- Developer: Gaijin Games
- Publisher: Aksys Games (WiiWare) Gaijin Games (PC) QubicGames (Switch)
- Designer: Alex Neuse
- Series: Bit.Trip
- Platforms: Wii; Nintendo 3DS; Windows; OS X; Nintendo Switch;
- Release: WiiWareNA: July 6, 2009; JP: August 4, 2009; PAL: August 21, 2009; WiiNA: September 13, 2011; PAL: March 16, 2012; Nintendo 3DSNA: September 13, 2011; EU: March 16, 2012; JP: July 10, 2013; Windows, OS X WW: October 2, 2012; Nintendo SwitchWW: December 25, 2020;
- Genres: Action, Music
- Modes: Single-player, Multiplayer

= Bit.Trip Core =

2009 video game

Bit.Trip Core, marketed as BIT.TRIP CORE, is a 2009 arcade-style rhythm game developed by Gaijin Games and published by Aksys Games for the Wii's WiiWare download service. It is the second game in the Bit.Trip series, directly succeeding Bit.Trip Beat and preceding Bit.Trip Void, Bit.Trip Runner, Bit.Trip Fate and Bit.Trip Flux.

==Gameplay==

Bit.Trip Core is played with the Wii Remote controller held sideways. Players control the 'core', a plus-shaped ship located in the centre of the screen. The object of the game is to aim the core's lasers with the four directions on the D-Pad and fire the laser with the 2 Button in order to collect multi-colored dots known as 'beats'. There are three levels in total, named "Discovery", "Exploration" and "Control" respectively, each approximately 15 minutes in length. On the Steam version, players control the Core with the WASD keys and fire using ENTER.

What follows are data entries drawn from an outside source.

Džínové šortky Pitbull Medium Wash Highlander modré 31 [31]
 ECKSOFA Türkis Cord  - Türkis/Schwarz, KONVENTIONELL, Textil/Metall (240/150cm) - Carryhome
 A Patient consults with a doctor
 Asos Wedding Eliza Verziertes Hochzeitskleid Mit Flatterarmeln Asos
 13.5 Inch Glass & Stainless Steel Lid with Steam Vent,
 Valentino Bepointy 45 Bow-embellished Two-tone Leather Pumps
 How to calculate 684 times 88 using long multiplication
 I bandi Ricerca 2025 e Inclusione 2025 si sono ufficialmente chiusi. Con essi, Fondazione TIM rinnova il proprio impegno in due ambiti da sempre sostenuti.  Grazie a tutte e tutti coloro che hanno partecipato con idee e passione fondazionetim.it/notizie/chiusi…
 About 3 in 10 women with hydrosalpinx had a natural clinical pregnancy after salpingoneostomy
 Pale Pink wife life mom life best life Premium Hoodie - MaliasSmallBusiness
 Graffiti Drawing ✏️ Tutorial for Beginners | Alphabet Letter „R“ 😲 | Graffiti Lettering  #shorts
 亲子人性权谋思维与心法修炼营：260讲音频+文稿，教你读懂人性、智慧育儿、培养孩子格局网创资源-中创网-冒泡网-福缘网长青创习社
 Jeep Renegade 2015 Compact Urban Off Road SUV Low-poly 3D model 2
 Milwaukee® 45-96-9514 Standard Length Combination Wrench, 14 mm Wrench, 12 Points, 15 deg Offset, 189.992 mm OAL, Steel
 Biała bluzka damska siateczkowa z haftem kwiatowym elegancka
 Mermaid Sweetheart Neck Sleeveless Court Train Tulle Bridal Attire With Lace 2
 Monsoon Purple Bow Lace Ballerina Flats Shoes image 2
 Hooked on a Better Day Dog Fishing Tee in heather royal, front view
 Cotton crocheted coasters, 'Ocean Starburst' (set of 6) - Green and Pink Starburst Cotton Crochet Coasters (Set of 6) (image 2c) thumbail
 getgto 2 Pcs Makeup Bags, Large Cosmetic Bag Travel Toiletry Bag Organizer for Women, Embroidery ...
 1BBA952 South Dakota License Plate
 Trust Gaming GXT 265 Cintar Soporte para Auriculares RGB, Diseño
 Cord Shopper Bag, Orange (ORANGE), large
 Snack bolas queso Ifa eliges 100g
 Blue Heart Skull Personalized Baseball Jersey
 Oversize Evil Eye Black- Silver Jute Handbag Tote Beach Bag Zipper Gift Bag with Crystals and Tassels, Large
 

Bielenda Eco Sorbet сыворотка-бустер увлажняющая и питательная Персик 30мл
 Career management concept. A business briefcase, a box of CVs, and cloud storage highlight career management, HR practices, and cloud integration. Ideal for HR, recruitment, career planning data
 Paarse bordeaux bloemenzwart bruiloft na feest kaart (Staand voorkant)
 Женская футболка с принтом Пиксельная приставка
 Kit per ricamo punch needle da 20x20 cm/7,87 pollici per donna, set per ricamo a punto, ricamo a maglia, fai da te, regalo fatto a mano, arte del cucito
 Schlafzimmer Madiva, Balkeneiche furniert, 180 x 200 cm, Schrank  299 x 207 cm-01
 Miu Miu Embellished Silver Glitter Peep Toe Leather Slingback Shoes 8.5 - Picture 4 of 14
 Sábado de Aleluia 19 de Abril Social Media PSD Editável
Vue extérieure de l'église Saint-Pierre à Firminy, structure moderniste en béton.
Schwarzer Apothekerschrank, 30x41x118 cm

As the player builds up a score multiplier by collecting beats in a row without missing, the game transitions into Mega and Super modes, making alterations to the level's graphics and music. In addition, bombs can be acquired and used with a press of the 1 Button, which is useful for clearing the screen of beats during difficult sections. If the player misses several beats, a Nether meter fills - this puts the game into a silent, black-and-white phase. This can be escaped from if the player collects beats, but further misses before escaping the Nether will result in a Game Over.

==Development==
Gaijin Games began development on Bit.Trip Core even before the release of Bit.Trip Beat. The game was inspired by Cosmic Ark, an Atari 2600 game that was a personal favourite of designer Alex Neuse. After going through several iterations of the game's design, which the team thought would be way too confusing, they settled on a system that shared some similarities with rhythm games such as Guitar Hero. Meanwhile, the controls were influenced by feedback from playtesters.

The game was later bundled with the other five Bit.Trip games as Bit.Trip Complete for the Wii in 2011. A Nintendo Switch port released on December 25, 2020.